• EXERCISE BRIEF: Starting at the line that contains "Monument to Sir Paul Boffa", retype each line to the end of the listing below. Include both ends, but not the pictures.

• RAW DATA:

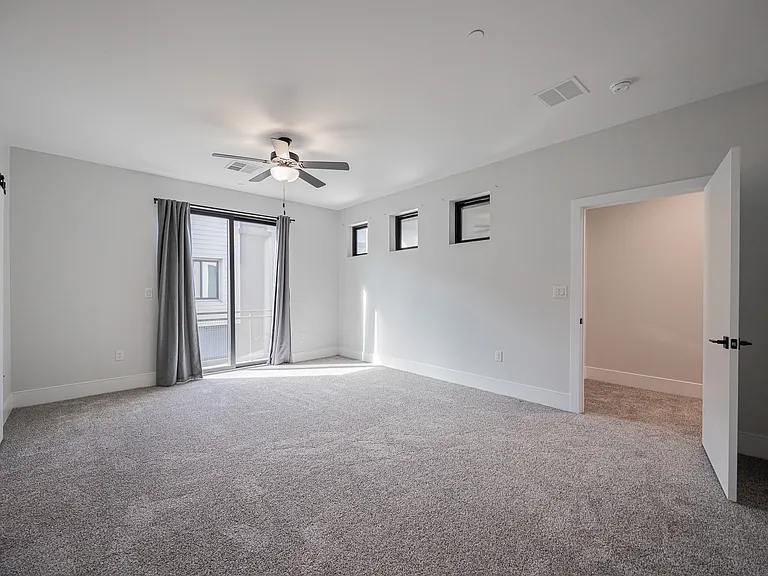 142 E Hearne Way — Photo 18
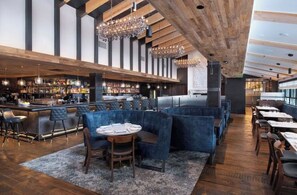 Bar (on property) - Ritz Carlton Club,  Luxury 3 bedroom residence, Vail Colorado (Vail)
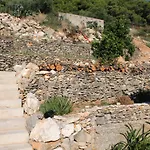 Seaside Secluded Cove Torac, Hvar - 4875 アパート Gdinj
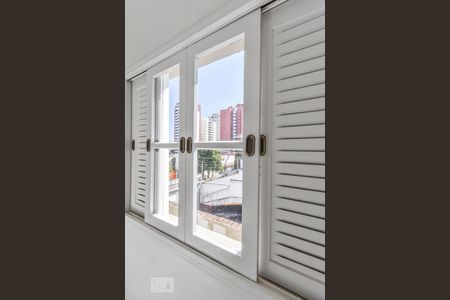 Quarto 2 de casa para alugar com 3 quartos, 100m² em Sumarezinho, São Paulo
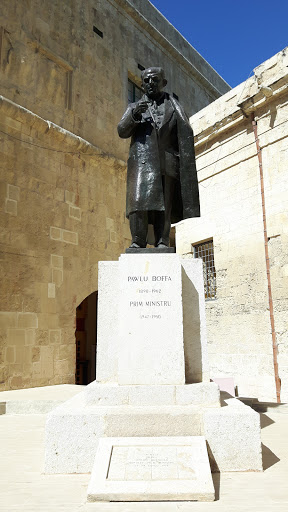 Monument to Sir Paul Boffa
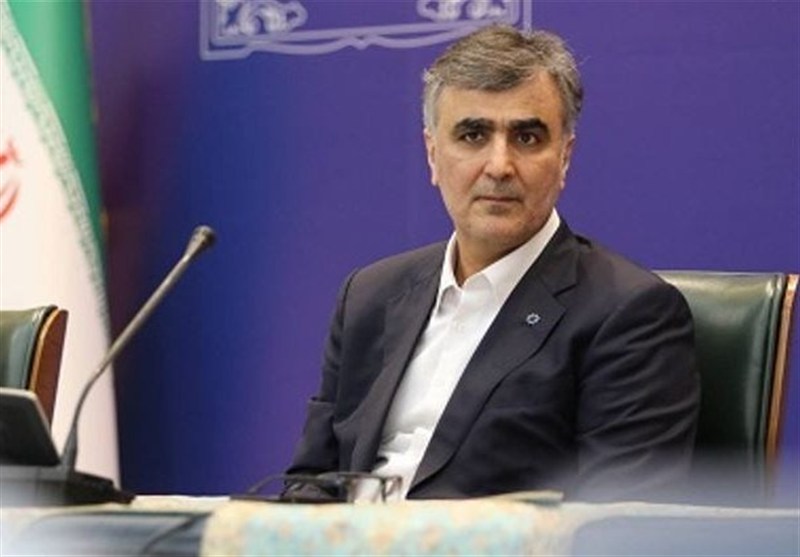 فرزین: سازوکار اتخاذشده برای بانک ناتراز آینده "ادغام" نیست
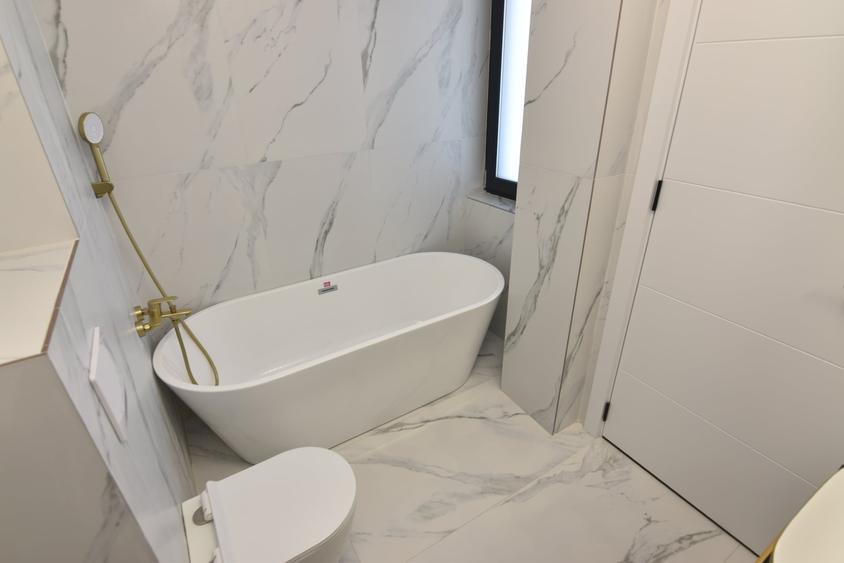 Casă individuală cu 4 camere cu Canalizare în Domnești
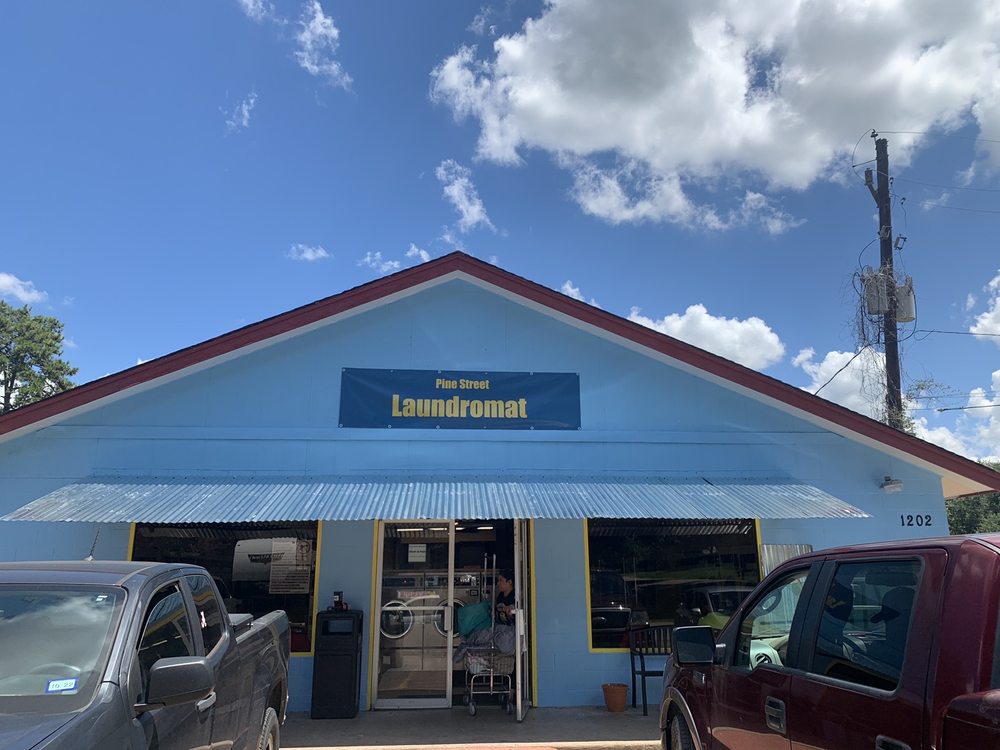 PINE STREET LAUNDROMAT Updated September 2024 15 Photos 1202 Pine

• SOLUTION FOR THIS TASK:
 Monument to Sir Paul Boffa
 فرزین: سازوکار اتخاذشده برای بانک ناتراز آینده "ادغام" نیست
 Casă individuală cu 4 camere cu Canalizare în Domnești
 PINE STREET LAUNDROMAT Updated September 2024 15 Photos 1202 Pine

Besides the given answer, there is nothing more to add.